Sure, a slim margin of interest rate increases were indeed baked into equity valuations when judged by the spread between the earnings yields and treasury bond yield. But these modest expectations as to where the future level of interest rates might be heading are now perhaps dawning on speculators as somewhat optimistic. The extravagant valuations of U.S. stocks today alone bear promises of poor future returns, even after the dip after January (in case you're thinking about "buying any dip"). A 50% decline should surprise no sane person.

But the corrections this year is a healthy one. At least so I've been told on numerous occasions. But healthy for whom and why? Pundits are either dumb or incompetent, and I'm still not sure which one is preferable. My vote however goes to the former. A drop in stock market prices is only healthy for those waiting to buy. Period. It's not like the economy is reset somehow and gain strength to grow further after a dip. Nothing fundamental happens when stock prices fall. The only thing affected is confidence, the very "foundation" of the faulty economic doctrines promoted by new-Keynesians, politicians, and other demagogues and cranks alike. Falling stock market prices have nothing to do with the real economy as all they ever accomplish is to change the hands of whom ever has the claim on real wealth. It's a matter of distribution, not loss of wealth to society. This is a fundamental concept few pundits are capable of even thinking about it seems. 

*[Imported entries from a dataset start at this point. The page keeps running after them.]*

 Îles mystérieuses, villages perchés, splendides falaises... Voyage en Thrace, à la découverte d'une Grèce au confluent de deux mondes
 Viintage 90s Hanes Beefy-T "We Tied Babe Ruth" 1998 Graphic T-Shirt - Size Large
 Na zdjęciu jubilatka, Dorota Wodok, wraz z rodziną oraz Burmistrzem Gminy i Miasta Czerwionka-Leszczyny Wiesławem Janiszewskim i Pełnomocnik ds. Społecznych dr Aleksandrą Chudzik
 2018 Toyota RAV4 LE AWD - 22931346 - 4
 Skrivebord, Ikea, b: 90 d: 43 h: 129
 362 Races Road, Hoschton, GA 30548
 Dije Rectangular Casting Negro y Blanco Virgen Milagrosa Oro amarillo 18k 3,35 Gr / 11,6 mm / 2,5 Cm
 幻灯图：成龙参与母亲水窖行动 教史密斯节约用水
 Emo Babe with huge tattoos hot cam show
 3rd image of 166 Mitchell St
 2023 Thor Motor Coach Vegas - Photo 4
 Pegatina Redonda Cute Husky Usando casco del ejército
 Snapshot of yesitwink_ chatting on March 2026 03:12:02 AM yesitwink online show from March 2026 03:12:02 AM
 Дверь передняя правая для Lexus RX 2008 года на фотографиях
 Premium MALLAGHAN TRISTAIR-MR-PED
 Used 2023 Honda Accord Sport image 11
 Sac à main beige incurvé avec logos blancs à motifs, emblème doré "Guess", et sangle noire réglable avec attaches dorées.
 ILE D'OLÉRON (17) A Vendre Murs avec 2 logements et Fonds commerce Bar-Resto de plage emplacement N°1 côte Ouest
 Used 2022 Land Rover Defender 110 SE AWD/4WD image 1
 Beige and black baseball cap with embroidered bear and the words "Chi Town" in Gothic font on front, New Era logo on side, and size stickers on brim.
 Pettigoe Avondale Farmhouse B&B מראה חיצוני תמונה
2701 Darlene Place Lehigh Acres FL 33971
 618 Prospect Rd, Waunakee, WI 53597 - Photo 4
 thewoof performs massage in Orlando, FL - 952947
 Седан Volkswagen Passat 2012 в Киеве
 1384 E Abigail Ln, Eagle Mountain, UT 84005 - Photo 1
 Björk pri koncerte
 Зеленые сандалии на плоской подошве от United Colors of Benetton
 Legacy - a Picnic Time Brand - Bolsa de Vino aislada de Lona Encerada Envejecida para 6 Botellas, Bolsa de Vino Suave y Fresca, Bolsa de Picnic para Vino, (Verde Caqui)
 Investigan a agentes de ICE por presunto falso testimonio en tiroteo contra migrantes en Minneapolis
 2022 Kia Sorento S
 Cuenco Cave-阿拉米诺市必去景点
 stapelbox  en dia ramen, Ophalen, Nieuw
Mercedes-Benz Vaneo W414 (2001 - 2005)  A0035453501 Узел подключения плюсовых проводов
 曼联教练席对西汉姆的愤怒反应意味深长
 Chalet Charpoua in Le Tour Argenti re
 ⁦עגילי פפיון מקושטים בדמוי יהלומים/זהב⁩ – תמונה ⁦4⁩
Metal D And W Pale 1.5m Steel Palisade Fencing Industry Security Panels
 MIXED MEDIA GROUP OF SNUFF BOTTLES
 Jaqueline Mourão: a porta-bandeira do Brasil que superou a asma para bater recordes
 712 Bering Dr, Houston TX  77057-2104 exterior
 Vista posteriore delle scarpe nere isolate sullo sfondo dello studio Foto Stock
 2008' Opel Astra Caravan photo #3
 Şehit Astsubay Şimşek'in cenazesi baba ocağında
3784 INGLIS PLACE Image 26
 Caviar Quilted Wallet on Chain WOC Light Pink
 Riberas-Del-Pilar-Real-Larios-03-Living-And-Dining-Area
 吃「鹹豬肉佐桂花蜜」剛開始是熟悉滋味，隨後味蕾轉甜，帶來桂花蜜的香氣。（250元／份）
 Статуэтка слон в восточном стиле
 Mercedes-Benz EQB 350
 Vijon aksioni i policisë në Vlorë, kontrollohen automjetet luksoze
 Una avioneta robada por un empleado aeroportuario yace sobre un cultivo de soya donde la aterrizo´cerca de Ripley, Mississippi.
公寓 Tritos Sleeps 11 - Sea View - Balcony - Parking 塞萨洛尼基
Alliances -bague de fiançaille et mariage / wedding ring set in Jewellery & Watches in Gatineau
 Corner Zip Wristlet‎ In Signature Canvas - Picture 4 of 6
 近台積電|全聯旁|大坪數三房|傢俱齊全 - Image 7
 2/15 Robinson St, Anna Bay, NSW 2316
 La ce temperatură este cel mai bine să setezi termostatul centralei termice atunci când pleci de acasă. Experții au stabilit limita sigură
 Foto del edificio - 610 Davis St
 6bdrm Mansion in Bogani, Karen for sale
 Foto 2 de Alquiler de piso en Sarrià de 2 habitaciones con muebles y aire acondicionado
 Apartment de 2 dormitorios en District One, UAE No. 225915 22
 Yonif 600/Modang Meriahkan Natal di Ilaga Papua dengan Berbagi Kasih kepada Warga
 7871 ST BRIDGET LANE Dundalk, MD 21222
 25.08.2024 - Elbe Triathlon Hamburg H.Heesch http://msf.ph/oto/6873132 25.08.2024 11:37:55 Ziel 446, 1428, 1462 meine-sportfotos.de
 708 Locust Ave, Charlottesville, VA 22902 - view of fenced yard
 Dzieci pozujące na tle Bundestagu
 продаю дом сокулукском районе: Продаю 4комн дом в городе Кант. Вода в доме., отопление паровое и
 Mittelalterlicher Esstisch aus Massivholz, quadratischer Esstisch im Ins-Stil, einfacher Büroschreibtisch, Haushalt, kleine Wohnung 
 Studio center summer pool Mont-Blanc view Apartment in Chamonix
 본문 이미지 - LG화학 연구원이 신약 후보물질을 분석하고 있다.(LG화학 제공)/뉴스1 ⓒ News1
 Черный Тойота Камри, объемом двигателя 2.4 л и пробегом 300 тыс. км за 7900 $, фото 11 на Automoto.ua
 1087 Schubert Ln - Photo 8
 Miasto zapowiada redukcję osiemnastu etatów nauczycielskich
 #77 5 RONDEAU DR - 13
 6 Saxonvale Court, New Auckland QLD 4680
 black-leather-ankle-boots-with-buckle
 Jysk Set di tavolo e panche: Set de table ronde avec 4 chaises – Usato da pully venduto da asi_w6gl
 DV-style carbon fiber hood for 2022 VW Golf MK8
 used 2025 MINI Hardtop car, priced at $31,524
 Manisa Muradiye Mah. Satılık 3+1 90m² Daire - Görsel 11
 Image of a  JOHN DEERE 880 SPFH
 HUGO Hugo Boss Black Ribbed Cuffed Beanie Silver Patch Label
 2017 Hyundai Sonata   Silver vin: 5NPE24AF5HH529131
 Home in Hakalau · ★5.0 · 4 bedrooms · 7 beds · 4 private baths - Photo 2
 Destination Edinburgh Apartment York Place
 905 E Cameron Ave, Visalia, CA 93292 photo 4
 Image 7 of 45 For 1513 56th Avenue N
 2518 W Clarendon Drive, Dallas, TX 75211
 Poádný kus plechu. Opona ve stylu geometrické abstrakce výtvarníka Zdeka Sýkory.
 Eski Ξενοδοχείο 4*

For decades, but on a substantially larger scale today than perhaps ever, we all in the western hemisphere live in societies where an ever-expanding class of parasites feed off an ever-shrinking class of wealth creators. Should you doubt this sweeping claim, I dare you to tell me why debt keeps expanding relative to income and saving despite ingenious entrepreneurs hard at work reducing our daily costs of living and chores. If you can answer that question convincingly and conclusively, I see few reasons why you should not be awarded an accurate version of the Nobel memorial prize in economics. Attempts linking debt to nominal wealth will not be accepted, for reasons too obvious to mention. Government employees, lawyers and consultants making a living thanks to bureaucrats' imagined and self-created problems, organisations living on grants and subsidies; these are the sectors where "growth" are found, in addition to those hopeless projects aimed too far in the future to benefit any present-day living person. The economic waste that is the war machine, destroying livelihoods, dreams, and life around the world, especially the middle east - nothing to do with oil and countries wanting to be independent of western powers and doctrines, right? Not to mention the armies of accountants wasting precious resources upholding meaningless accounting standards not benefiting the companies footing the bills, but the government narcissists demanding it. The list is incredibly long, so long no one central planner or group possesses all the information necessary to keep an accurate account. 

So what's the path from here? I see two extremes; rampant money printing or a firm return to sound money. The truth will be neither. Progressives always choose the middle-road. And they are the ones whom after all run financial regulations and politics, with the absent consent from voters whom increasingly know more and more about less and less. 

Poverty will increase. Options will shrink. Decisions made on behalf of you and me will increase on account of people who are further and further distanced from where real decisions ought to be made. The socialist path, the chosen one after WWII, will prevail for many years to come and with ever-greater force and conviction. Until we all run out of purchasing power to buy the bear necessities. That's when mini-revolutions find their breeding ground and new socialists solutions are once again re-invented to save everybody at the expense of everyone else.